LOVE the bug eyes on the elf girl.
Should you read Orange by Benjamin? It only costs $0.50 used, but since it has like zero rereading value, I dunno. It’s just 100 pages of Orange whining and complaining, smoking and using bad language and making out with random guys in dark corners only to stop them from putting their hands in her underwear, and then every couple of pages Dashu shows up. I’m sure if you google for a few minutes you’ll find someone’s LiveJournal or Myspace (is that still a thing) with the same content.
The only real reason to get this would be the art. Benjamin’s artwork is gorgeous without a doubt, and it’s fun to read something in full color after all the manga I’ve been reading. Not that I don’t like manga or anything, but I love the use of vivid color in manhua. It’s such a pity more of it doesn’t come out in English because I was thrilled all those years ago when Image Comics published titles like Mega Dragon and Tiger and Solar Lord. I even bought some Mega Dragon volumes put out by an inferior publishing company, I forget their name. But I digress.
At the end of the volume for the last 30 pages or so are several pages of random artwork by Benjamin, a little extra bonus for the loyal fans who stuck this out. These look really nice, plus it’s nice to get an insight into the people who draw the art for the MMORPG ads you see everywhere when you don’t have Adblock on. I said last time that Benjamin would be better off just being an illustrator, and this just confirms it. I hope he’ll put out an artbook someday.
Yuup, you guessed it! Another baseball manga! I haven’t dropped Ikkyuu-san entirely, but volume 4 was rather boring, so I started something else on my list. I meant to just read a chapter or two for a change of pace, but before I knew it I’d finished the first two volumes of Gyakkyou Nine.
Gyakkyou = adversity. Nine = the nine members of the baseball team. This super hotblooded shounen manga is all about a baseball captain named Fukutsu Toshi (i.e. Indomitable Fighting Spirit) overcoming all kinds of far-fetched trials to keep his team intact and get them to Koshien.

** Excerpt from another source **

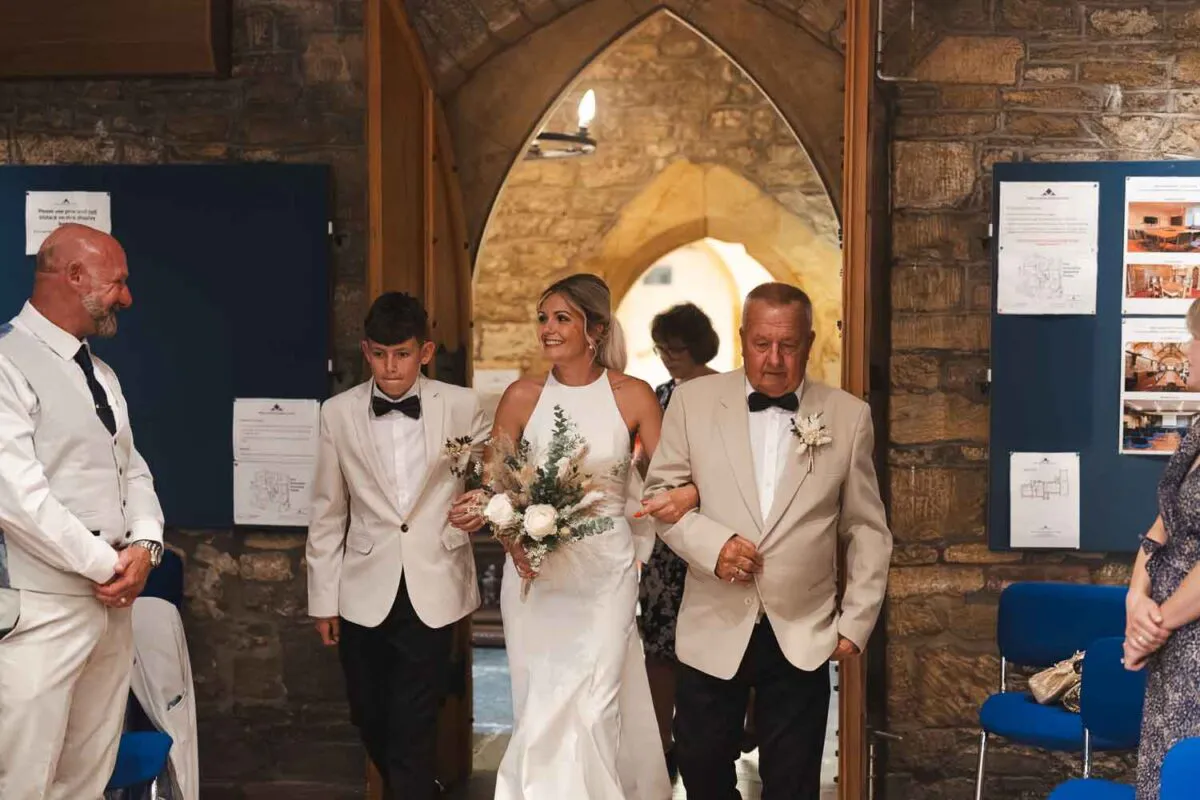 The radiant bride makes her grand entrance walking down the aisle inside a historic stone church, escorted by family members while holding a textured bouquet.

First he has to keep his team from disaster long enough so they can face the best team in the prefecture, then later on he has to study hard enough to avoid remedial classes… only to find out that most of his team didn’t pass the exams either… so now he needs to recruit a new team… and then he injures his arm… It just never ends.
Is it good? So far, it’s definitely amusing. In a trainwreck kind of “Just how bad can it get?!” situation. Everyone reacts in a completely over the top way to the least little problem, and it’s pretty funny somehow. That’s how exaggeration has to be – waaaay beyond the realm of reason, otherwise the reader starts trying to insert some logic into the situation, and then the whole thing falls apart. Kazuhiko Shimamoto avoids that by keeping the manga constantly moving along and making the problems flow thick and fast. At the end of volume 2 Toshi is in yet another pinch: his dream girl asked him out on a date… on the day of his match… and he accepted and ditched the game! How is he going to face his team now? Heh heh, this should be interesting to see.
Despite being a manga about a baseball team captain, Gyakkyou Nine isn’t really a baseball manga, so there isn’t much focus on the game itself. The team does some cursory practice once in a while, and we’ve been shown fragments of a game once or twice, but it’s a manga about a guy who just happens to play baseball, so the sport is just a way to introduce more drama into his life, nothing more. It could be a baseball or a boxing manga without losing much. Which is not to say I hold that against it. It’s a pretty fun and silly manga, and I’ll be taking a break from Ikkyuu-san to finish this off first since it’s only 6 volumes.